When the monster stuff finally kicks in at the 60 minute mark of this 90 minute movie, things perk up a bit, if only because the stop motion monster is absolutely, awesomely hilarious to behold. It's a mess of tentacles with a body that looks like it's made of brains. It's phallic head has a vagina shaped mouth that spits goo everywhere. Unfortunately, most of the kills occur off screen, robbing us of any kind of gruesome pleasures. There is however one showstopper of a death that actually made me cheer out loud. It's a scene this film desperately needed (actually, it needed about four more scenes like it) and when that moment happened, I felt genuine love swell in my cold, dead heart. But that scene had the unfortunate side effect of also amplifying my disappointment with the film. THE STRANGENESS could have been a great time. It could have been so much better.

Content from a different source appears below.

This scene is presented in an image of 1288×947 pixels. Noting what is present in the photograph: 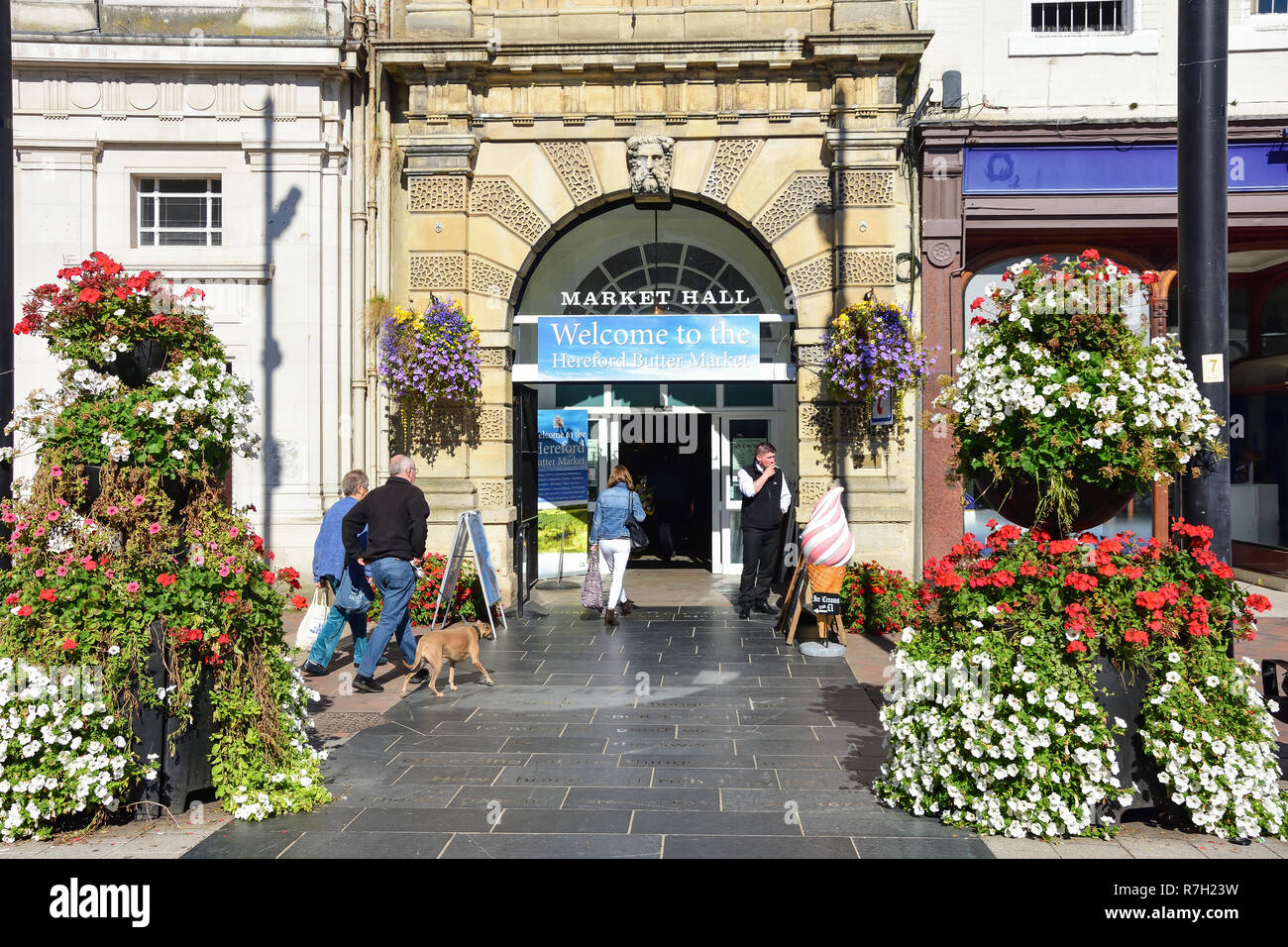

I suppose it was a mix of budgetary constraints and lack of resources that killed the film. The pieces are all there. As evidenced by MY BLOODY VALENTINE, a mine is a great setting for a horror film. I loved the way the film was primarily lit using nothing but diegetic light sources like flares and flash lights. I love the absurdity of the monster. I even love the obvious Carpenter inspired soundtrack. But the film doesn't do much with those elements. The Hemmings subplot (another clear nod to ALIEN) goes nowhere, the monster is never explained, the setting is never properly utilized, and the lack of on screen violence feels like a cop out. It is just a bland, forgettable experience from start to finish. 

Wait. Make that “from start to 60 minutes”, because even though the final 30 minutes are not particularly great, they at least contain a glimpse of just how entertaining this film could have been had the filmmakers had a few more bucks in the bank. If you just skip to the one hour mark and ignore everything that came before, THE STRANGENESS might just do the job for you. But even that sounds like the faintest of praise. Because let's face it, if you have to throw out two thirds of a film just to enjoy it, maybe it isn't even worth consideration in the first place.